The 100-Point Score, Explained By Someone Who Stopped Trusting It
The scale promised objectivity. The economics and the science tell a stranger story.
Welcome to issue #003 of The Decant. Each week, I help you make sense of Netflix’s Uncorked and the wine world it’s about to land in. No trade subscription required.
In 1978, a Maryland lawyer named Robert M. Parker Jr. started a subscription newsletter called The Wine Advocate and rated the wines inside it on a 100-point scale he adapted from the American school report card.
The idea was almost aggressively simple. Wine writing at the time ran on vague prose and insider stars, and a buyer could not easily tell whether a critic’s “charming” was better or worse than another critic’s “serious.” A number cut through that. Ninety beats eighty-nine. Everyone who ever got a grade in school understood it instantly.
It worked.
Within a decade the 100-point score reorganized the entire wine market, and it has run it ever since. Wine Spectator built its own version, scoring wines blind in flights, and the two scales together became the language retailers, restaurants, importers, and collectors all speak.

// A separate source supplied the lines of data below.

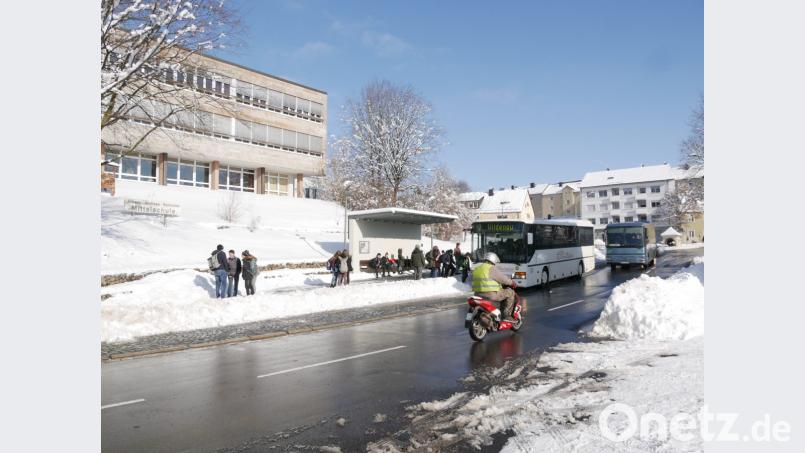 Kein Blitzeis, keine Schneewehen und dazu gut geräumte Straßen: Deswegen entschied sich Schulamtsdirektor Rudolf Kunz, dass trotz des sonntäglichen Schneetreibens am Montag an den 34 Schulen des Landkreises Tirschenreuth Unterricht wie gewohnt stattfindet. Bild: tr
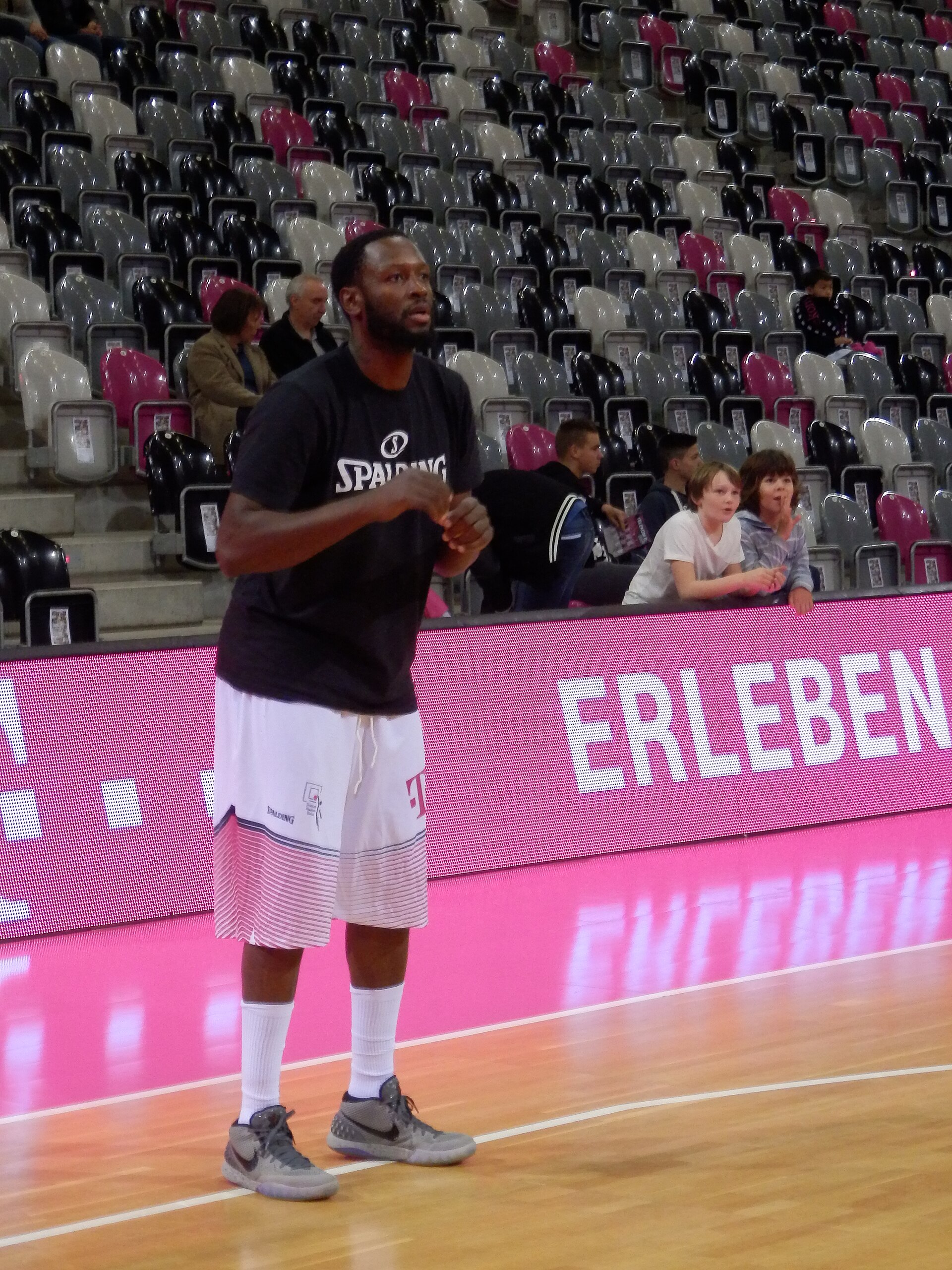Imagem de referência relacionada a Jimmy McKinney, item descrito como basquetebolista estadunidense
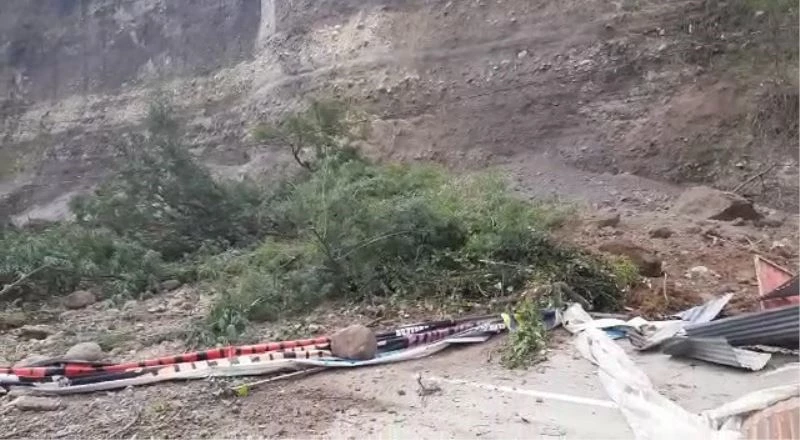 Rize’de meydana gelen heyelanda 3 büyükbaş hayvan telef oldu
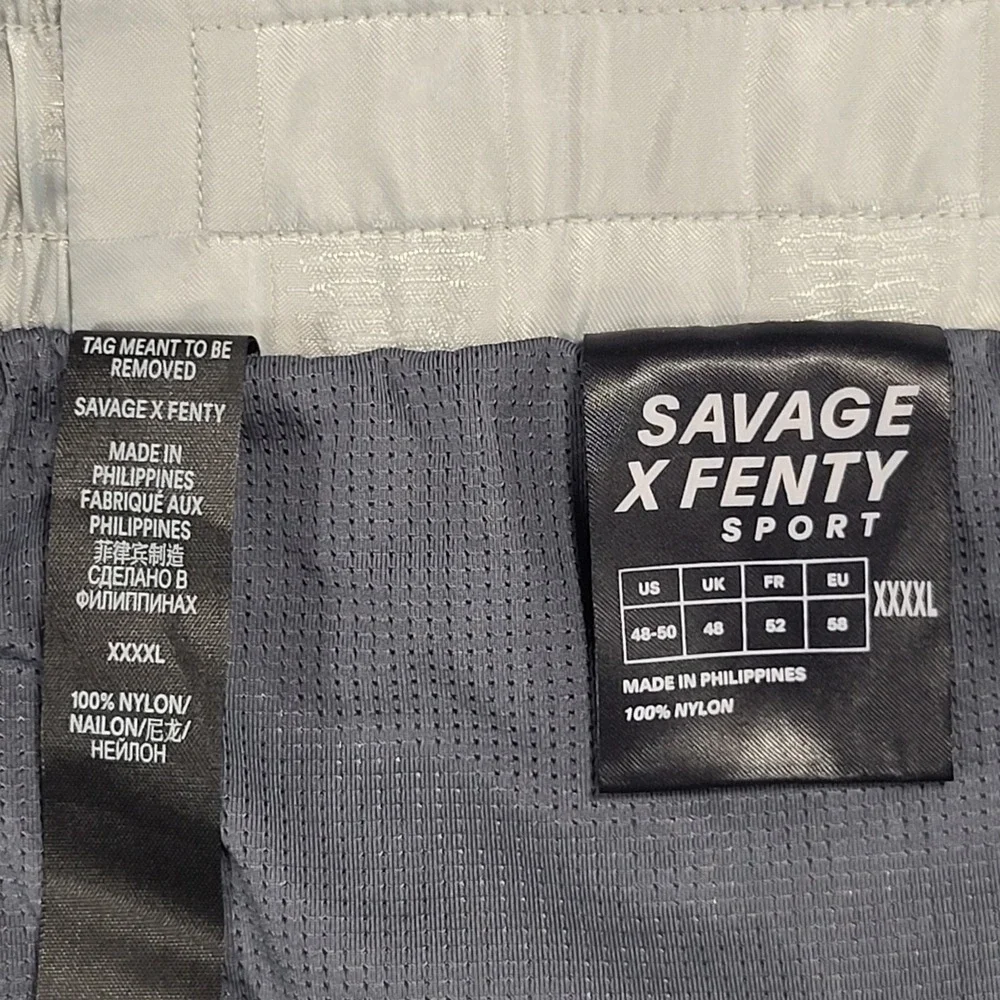Savage X Fenty Sport Unisex Shiny Silver Angel White Changeover Jacket Size 4XL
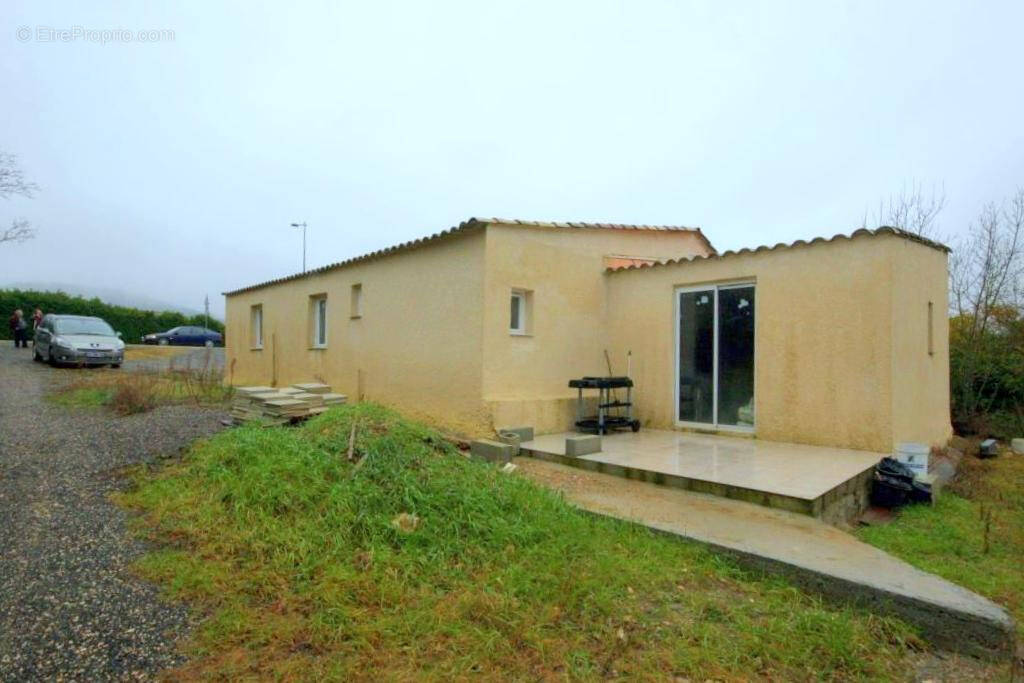 Maison à RIVIERES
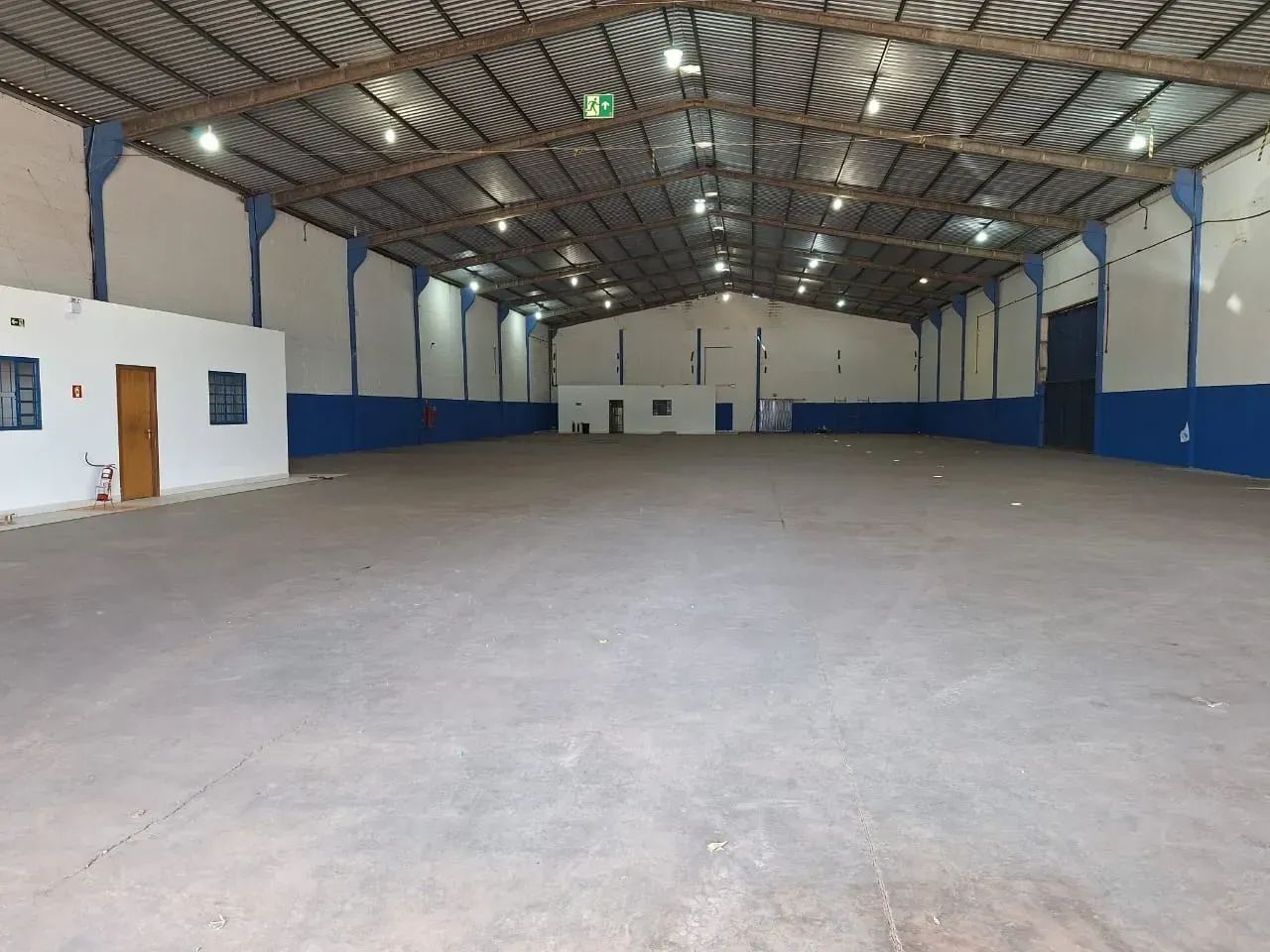 Alugo galpão / barracão com 1.500m² no Distrito Industrial - Cuiabá - MT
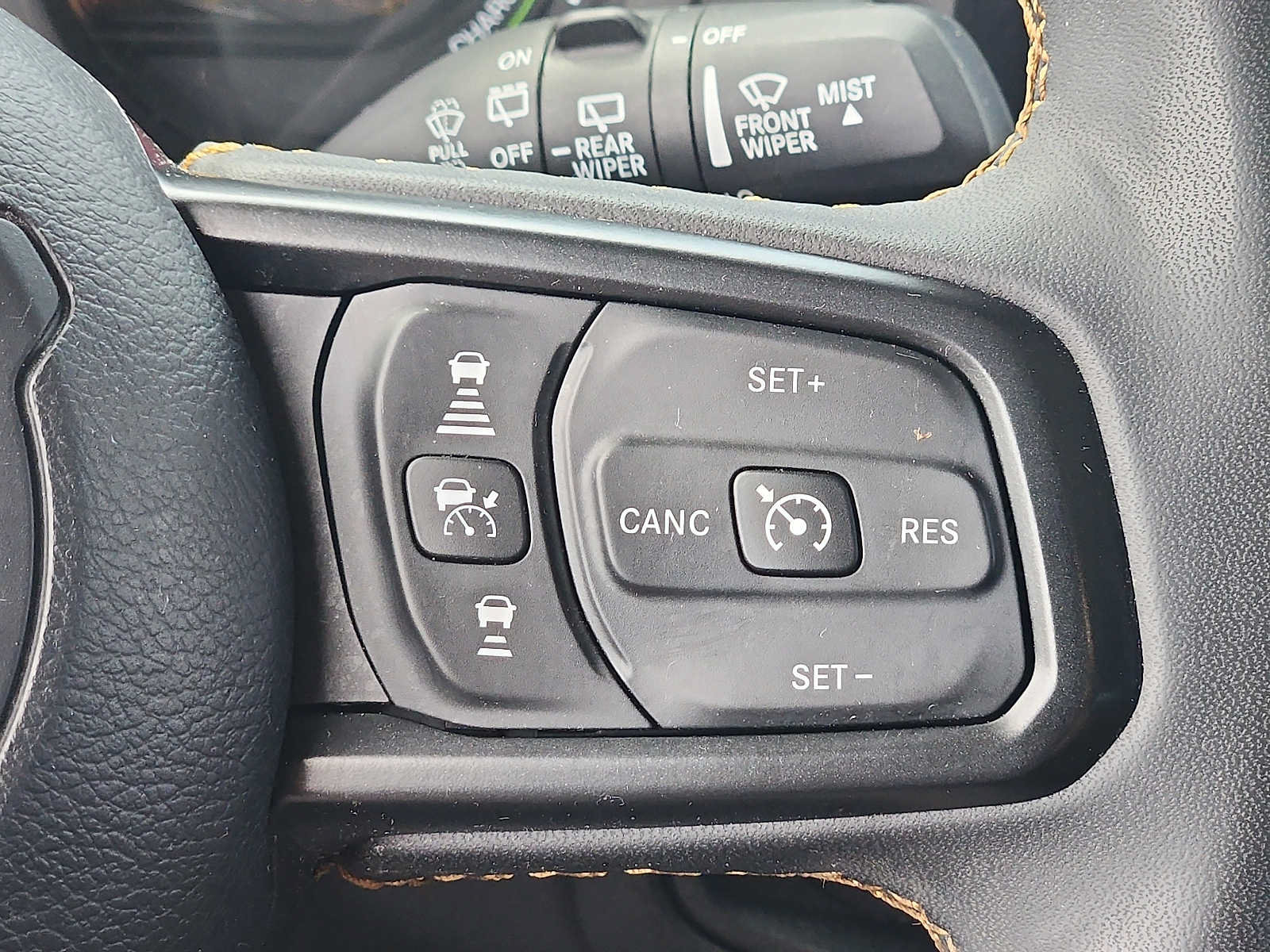 Used 2024 Jeep Wrangler Unlimited AWD/4WD image 21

Walk into any wine shop today and the little cards on the shelf are quoting Parker, Spectator, or one of their successors. The number does the selling.
Here is the part the number does not advertise about itself. A wine’s quality is continuous, a smooth spectrum from thin to profound. The 100-point scale chops that spectrum into bands, and the market has decided that one of the band boundaries is a cliff - the number 90.
The same bottle scored 89 and 90 can live two completely different commercial lives, and the three or so points that carry a wine across that line do more to its price than almost anything in the bottle itself. That is the real subject of this piece: what a small change in a score actually buys, and who keeps the change.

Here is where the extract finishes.